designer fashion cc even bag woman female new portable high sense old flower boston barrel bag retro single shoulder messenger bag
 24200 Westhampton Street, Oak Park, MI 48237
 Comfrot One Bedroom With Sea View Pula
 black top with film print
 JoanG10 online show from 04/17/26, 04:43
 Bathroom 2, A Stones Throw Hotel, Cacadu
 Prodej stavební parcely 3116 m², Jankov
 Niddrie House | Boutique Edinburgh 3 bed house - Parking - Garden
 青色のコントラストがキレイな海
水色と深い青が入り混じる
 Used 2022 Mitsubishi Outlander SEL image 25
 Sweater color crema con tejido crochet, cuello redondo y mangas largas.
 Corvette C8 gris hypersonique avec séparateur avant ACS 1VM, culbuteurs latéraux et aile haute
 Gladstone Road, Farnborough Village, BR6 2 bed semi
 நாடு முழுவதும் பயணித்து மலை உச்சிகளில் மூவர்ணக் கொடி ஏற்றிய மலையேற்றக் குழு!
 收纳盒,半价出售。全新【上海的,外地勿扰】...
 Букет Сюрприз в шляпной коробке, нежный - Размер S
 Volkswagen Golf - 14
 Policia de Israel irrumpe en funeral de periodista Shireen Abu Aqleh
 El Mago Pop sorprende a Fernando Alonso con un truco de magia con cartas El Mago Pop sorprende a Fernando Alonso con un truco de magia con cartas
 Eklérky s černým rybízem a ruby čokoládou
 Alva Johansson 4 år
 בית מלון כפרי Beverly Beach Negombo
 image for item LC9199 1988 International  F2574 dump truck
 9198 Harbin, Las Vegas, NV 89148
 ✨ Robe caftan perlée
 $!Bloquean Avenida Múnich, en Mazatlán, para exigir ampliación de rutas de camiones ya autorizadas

Exercise brief — Using the entries, return every line where the word "image" can be found.

Task solution —
 Used 2022 Mitsubishi Outlander SEL image 25
 image for item LC9199 1988 International  F2574 dump truck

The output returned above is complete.